Introduction

             Poker has had an explosion of growth in the 21st century.  Poker has had booms in popularity before, particularly when hold’em was legalized in California in 1988.  However, nothing in poker’s history compares with what is happening now.

What’s Behind the Growth?

Two factors have propelled poker to its current heights, and there doesn’t look to be any limit to the growth.


            First, today, you can watch poker on television almost every day of the year. The biggest success has been the phenomenal World Poker Tournament, making superstars of tournament players.  Network research has shown that poker has great  “sticking power” among channel surfers: those who happen upon poker tend to continue to watch.  Viewers see apparently ordinary people winning millions in tournaments and they become fascinated by this ultimate and yet most accessible to reality shows.  This exposure has helped create an unprecedented interest in the game.

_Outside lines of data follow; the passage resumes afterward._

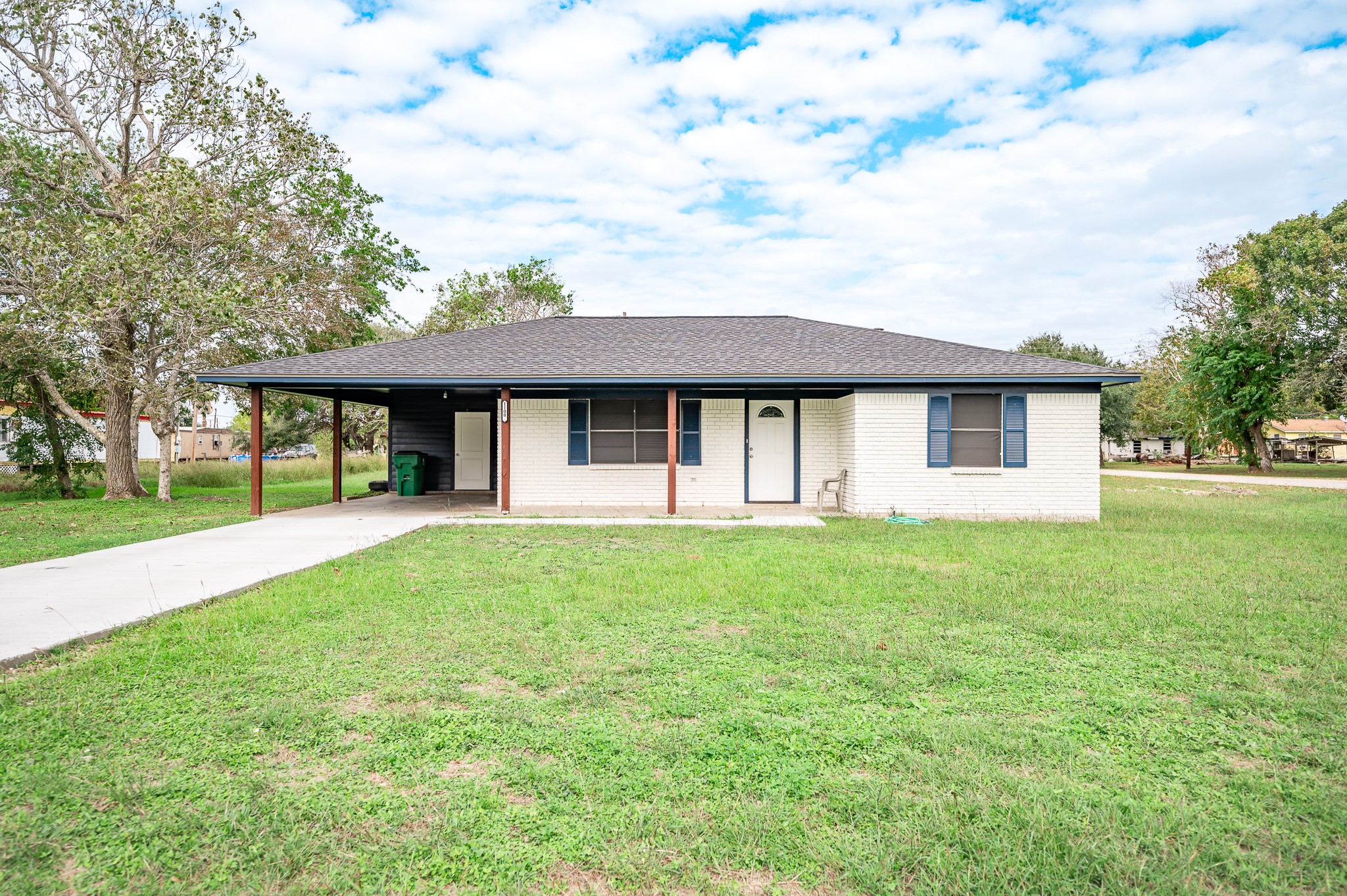 1100 Perryman Avenue Palacios TX 77465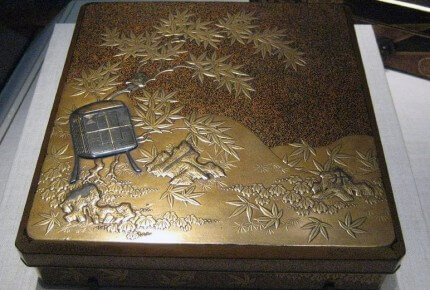 Boîte à bâtons d'encre (Suzuribako) décorée d'une scène des Contes d'Ise (Ise monogatari). Période Edo, 17e siècle, Japon. Laque sur bois incrustée dor et d'argent © unforth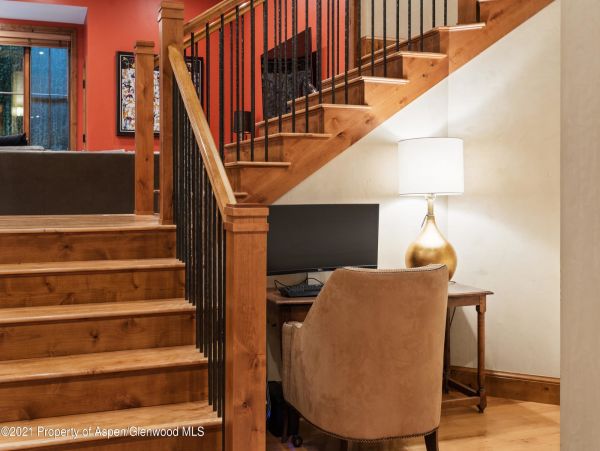 Aspen Home 987504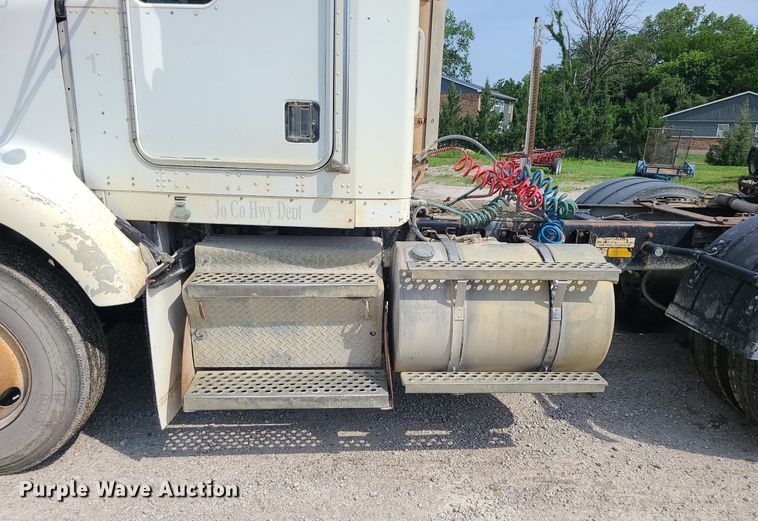 image for item MG9586 1999 Kenworth T800  semi truck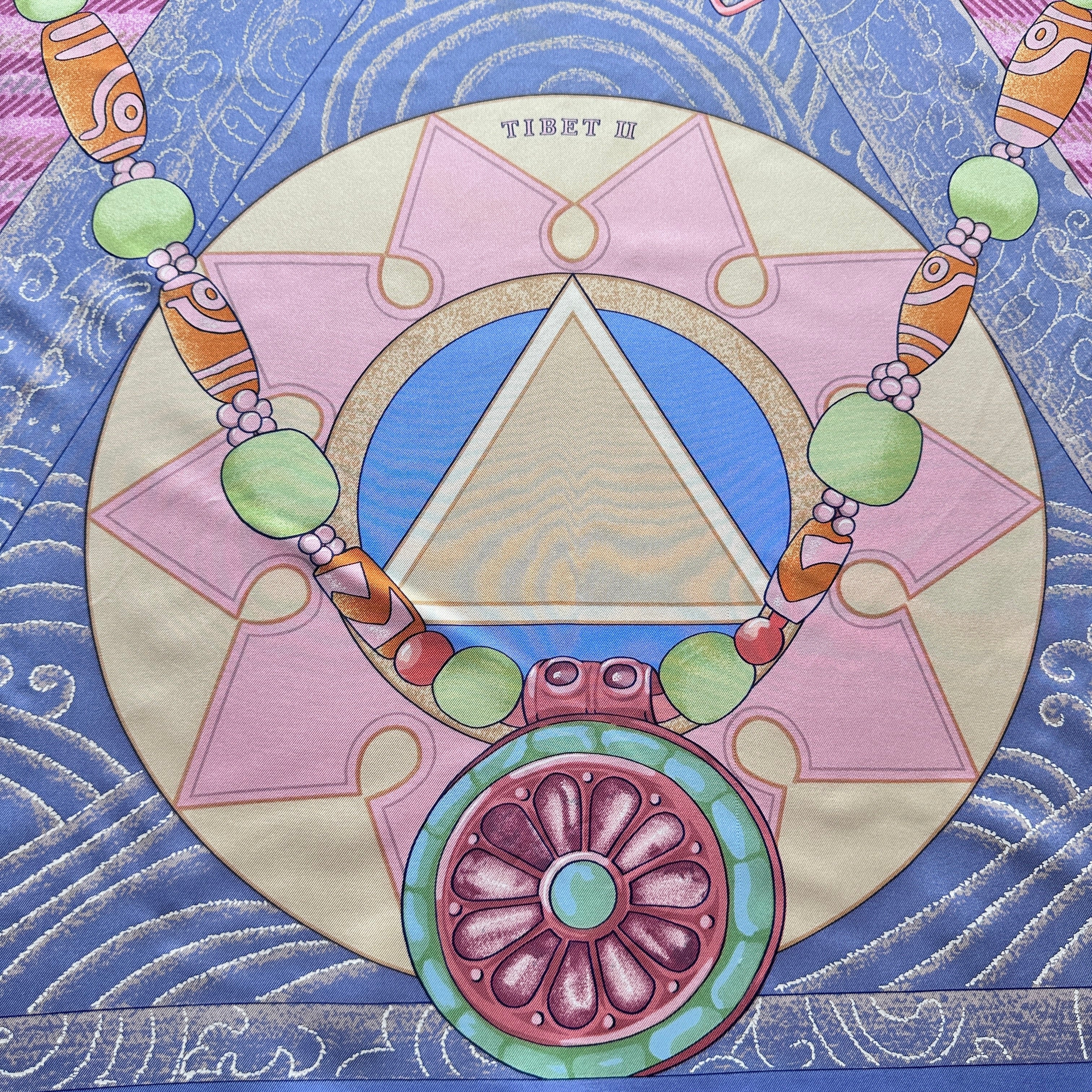Foulard Hermès Tibet II en soie bleu lavande vue d'ensemble, édition rare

            Second, while in the past people may have had the willingness to play poker, apart from weekly home games, most didn’t have the opportunity.  This is certainly no longer the case, however.  Once confined in the United States to a few Western states, public cardrooms – some land-based, some on crushing or permanently docked riverboats, some full-blown on Indian reservations – offering virtually nonstop games have spread to many states. Those states that don’t have official  cardrooms offer regular “charity nights” that include games for poker players.  Twenty years ago poker was available in the united States and the United Kingdom, and that was about it.  Now, the of many European countries, as well as Canada, Australia, and countries in Central and south America, offer poker.  And, even if a live poker game is not available in your area, the advent of Internet poker allows you to play from the comfort of your own home.  In fact, Internet poker has largely contributed to poker’s recent exponential growth.